- Activity
Transcribe word for word the section of the records below that opens with the line containing "プチディッシュ 9cm プリマドンナ" and closes with the line containing "توتال ترفع استثماراتها"; drop every picture.

Segment Start: Data records

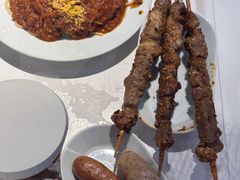 -宜家·瑞典风味餐厅(武汉荟聚中心店)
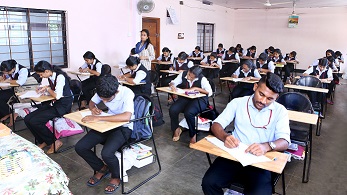 Lisieux College of Paramedical Sciences Ernakulam General photo 4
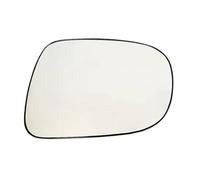 Cristal de Retrovisor Compatible Con Lexus Para ES 2006 2007 2008 2009 2010-2012 Dotata Di Vetro Specchietto Retrovisore Elettronico Riscaldato(1 right)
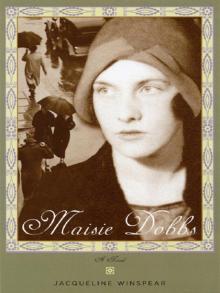 Maisie Dobbs Read online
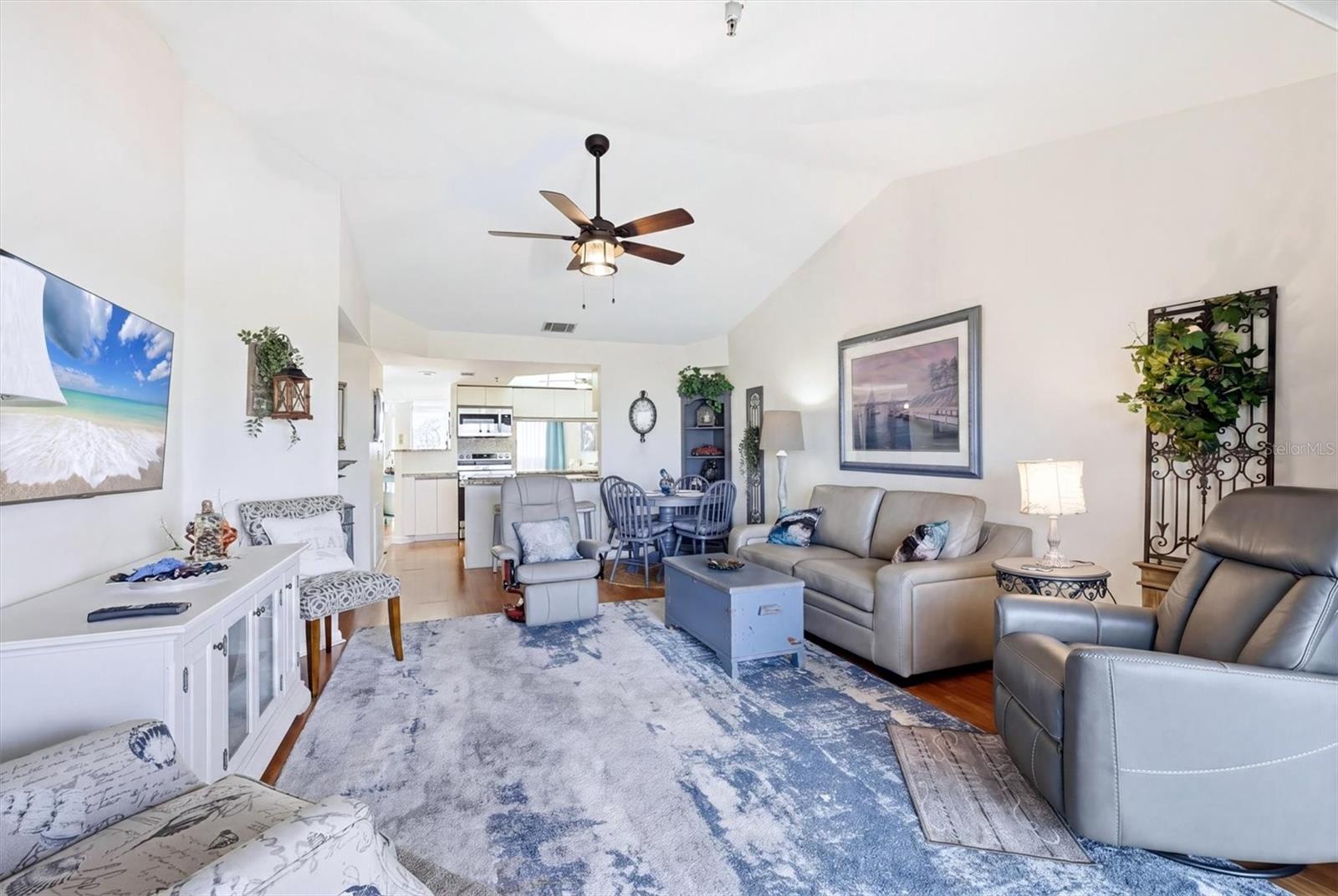 1401 S MCCALL RD #303A, ENGLEWOOD, FL, 34223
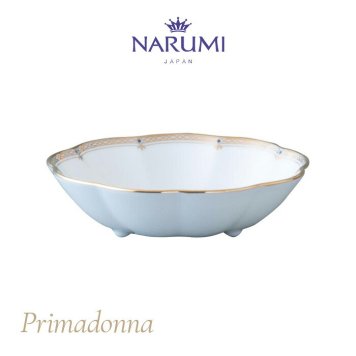プチディッシュ 9cm プリマドンナ 〈52476-565〉 ナルミ 鳴海製陶 Narumi 小皿 少しずつ揃えたい食器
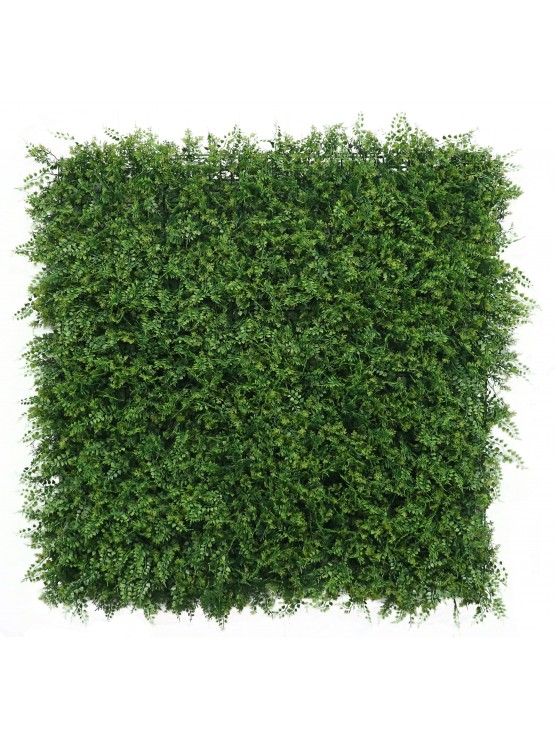 Jardim Vertical Feto 100x100cm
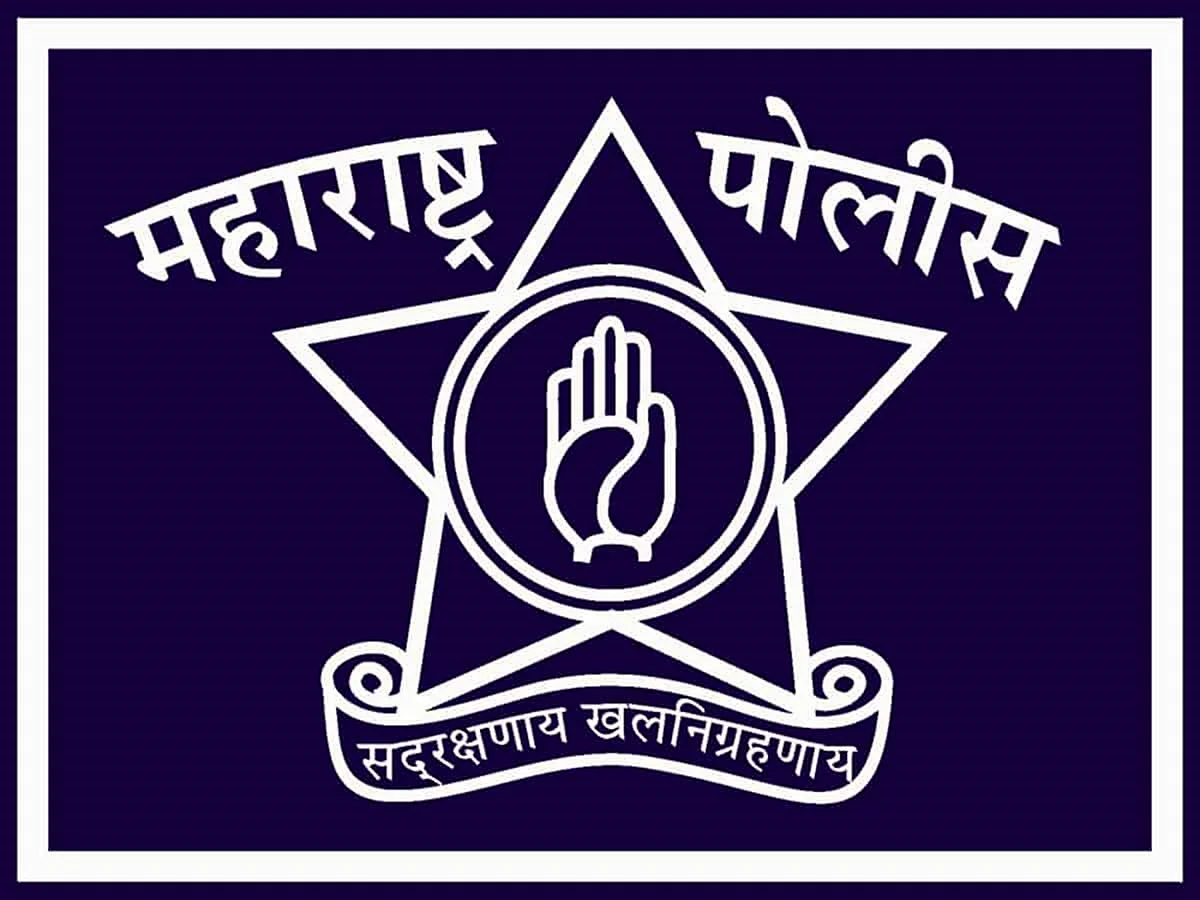 Maharashtra Police maharashtra-police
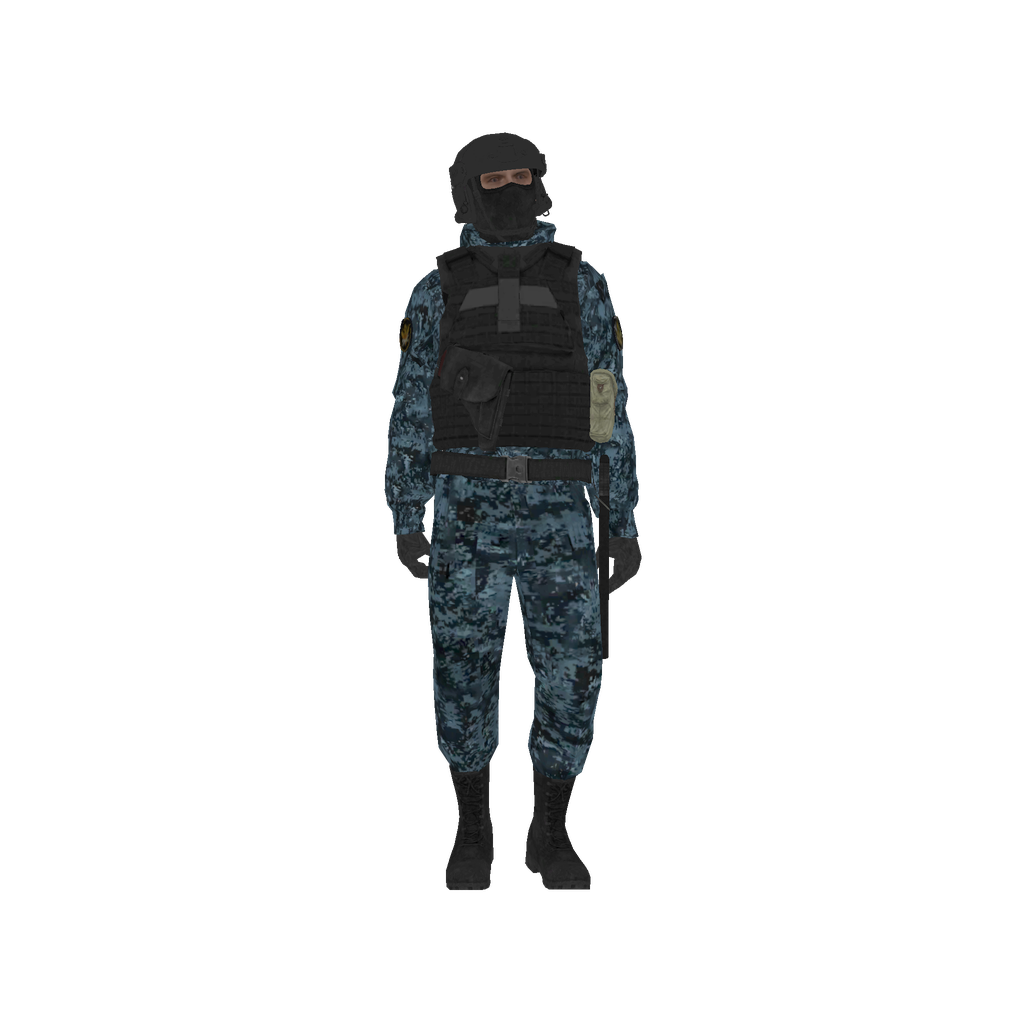 Skin №377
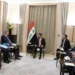 توتال ترفع استثماراتها في العراق.. والزيدي يطرح هدف إنتاج 10 ملايين برميل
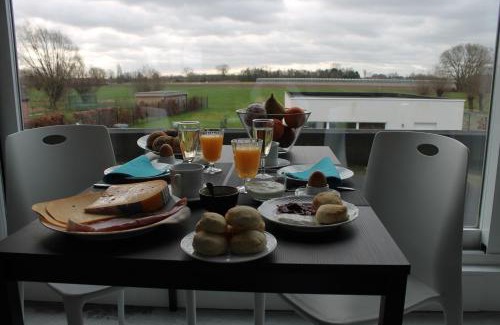 Berlaar Bed & Breakfast | B&B Het Museum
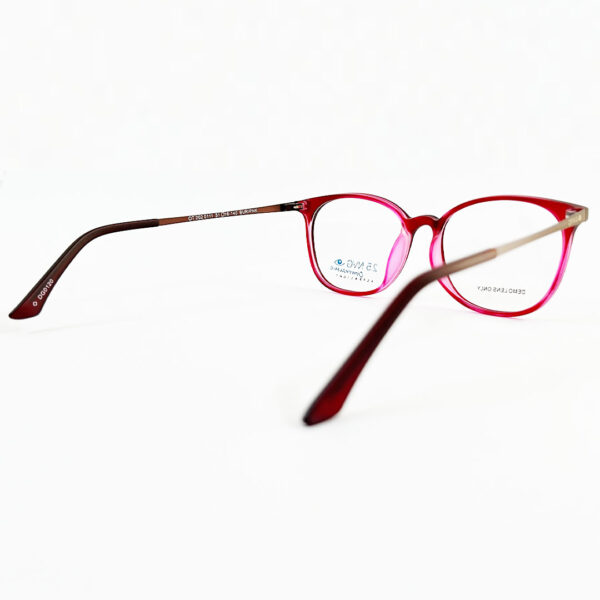 NVG OPH Frames Female Plastic OT2020111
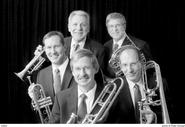 The American Brass Quintet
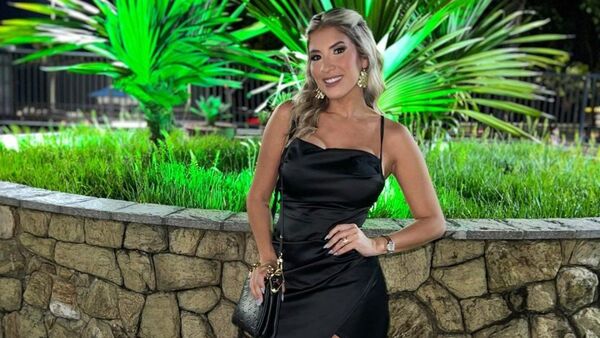 Anahí Sánchez aconsejó a mujeres para su superar a sus ex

Segment End: Data records

- Task answer
プチディッシュ 9cm プリマドンナ 〈52476-565〉 ナルミ 鳴海製陶 Narumi 小皿 少しずつ揃えたい食器
 Jardim Vertical Feto 100x100cm
 Maharashtra Police maharashtra-police
 Skin №377
 توتال ترفع استثماراتها في العراق.. والزيدي يطرح هدف إنتاج 10 ملايين برميل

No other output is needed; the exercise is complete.